1912: A Year To Remember
The 1912 season was a revolutionary one for college football. A century ago, the NCAA implemented a number of rule changes to the then-77-school league that would change the game forever, ushering in the modern era of America’s most popular sport.
For the first time, teams were given four downs instead of three; the value of touchdowns was increased from five points to six; and the field was reduced from 110 to 100 yards, with two end zones of ten yards added instead. Among smaller changes, kickoffs were made from the 40-yard line rather than midfield, the ball was placed at the 20 rather than the 25 following touchbacks, teams were given much more leeway to use the forward pass, and the onside kick was abolished.
The new rules were implemented on Feb. 3, 1912 by a football rules committee composed of Harvard head coach Percy D. Haughton, Class of 1899, Yale’s Walter Camp, and Penn’s W.N. Morice. According to The Crimson, the changes were intended to “more nearly equalize the attacking and defensive powers.”
“During the past season it developed that if a team could not gain its ten yards in two downs it preferred to trust to the individual ability of a punter, rather than to risk losing the ball entirely,” the newspaper explained. “The change which gives a team four downs to make ten yards is expected to strengthen the offense.” The reasoning provided for the ban on onside kicks was their “generally unsatisfactory nature, and the possibility of injuries resulting from the efforts to recover the bounding ball.”
Ten months later, the first season under the new rules came to an end with Haughton’s Crimson at the top of the college football world. Harvard dominated its schedule and finished the year 9-0—its first of three straight unbeaten seasons—and earned its sixth national championship.
The story of how the team got to that point involves more than the coach who had been a two-time first-team All-American at defensive tackle for the Crimson from 1896 to 1899. It also encompasses a defensive end who would later shun Connie Mack, a fullback who found the game “not quite rough enough,” two interior linemen who would later become a chemist and a war hero, and one of the best drop-kickers in history.
A few months after the new rules had been put in place, Haughton began preparations for Harvard’s season opener against Maine, which would take place at the nine-year-old Harvard Stadium on Sept. 28. Coming off a 6-2-1 season in 1911, the Crimson practiced for just two weeks upon arriving at school. During those practices, according to The Crimson, “shifting teams of men on the first squad were put against one another for practice in running through signals and formations against a defence [sic].”

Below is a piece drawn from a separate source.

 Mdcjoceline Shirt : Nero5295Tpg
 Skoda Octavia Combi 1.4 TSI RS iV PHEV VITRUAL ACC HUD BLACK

Defensive end Samuel Felton and fullback Huntington “Tack” Hardwick battled against each other for the punter job, averaging 40 yards per punt in practice with a few 50-yard kicks as well. A year prior, Felton had been one of the leaders of a Crimson squad that had opened the season 5-0, outscoring opponents 72-6 over that stretch. But the then-junior was seriously injured in that fifth game against Brown after being kicked in the side and developing a blood clot. Following the injury, the team was never the same and went 1-2-1 down the stretch. But with a new season on the horizon, The Crimson noted Felton’s recovery, stating that his “work in all departments of the game is excellent and it is fortunate that he will be able to play the entire season.”
The 174-pound Hardwick was known for his blocking skills. One reporter would later describe him as “perhaps the hardest blocker American football has ever known. A vicious, tireless interferer, Hardwick was never happy as long as a single enemy remained standing.” Sportswriter Grantland Rice would later deem the sophomore “the spirit of football,” describing him as “a big, fine-looking aristocrat from blue-blood stock,” who “loved combat—body contact at crushing force.”
Robert Storer lined up alongside Felton at defensive tackle. An upperclassman who had also played center the year before, Storer was well known for his special teams prowess, notably his ability to “[get] down the field under punts with the ends and [make] a sure tackle of the runner,” according to The Crimson.
As the team continued to prepare for the Black Bears, Haughton emphasized both field goal kicking and the newly important forward pass. 5’8” quarterback H.B. Gardener quickly began generating chemistry by throwing 20-yard passes to teammates J.A. Milholland and Albert Weatherhead.
Behind Gardener was halfback Charles Brickley, also a talented drop-kicker who had captained the freshman squad a year prior. Before arriving at school, Brickley had finished ninth in the triple jump at the 1912 Summer Olympics in Stockholm. Frederick Bradlee also played halfback while Hardwick served as the fullback. “All of these men are heavy and fast, and are developing into sure ground gainers,” The Crimson wrote.
Members of the offensive line included Gerard Driscoll, a newcomer to the team who had been “showing up very well” during practices, the 185-pound Derrick Parmenter—described as “fast in charging”—at center, sophomore Stanley Pennock at right guard, and Weatherford, another sophomore, at right tackle. Pennock had played on the freshman team the year prior, and to that point, according to The Crimson, he had “yet to prove his value on the first eleven, though his work in practice has been good.”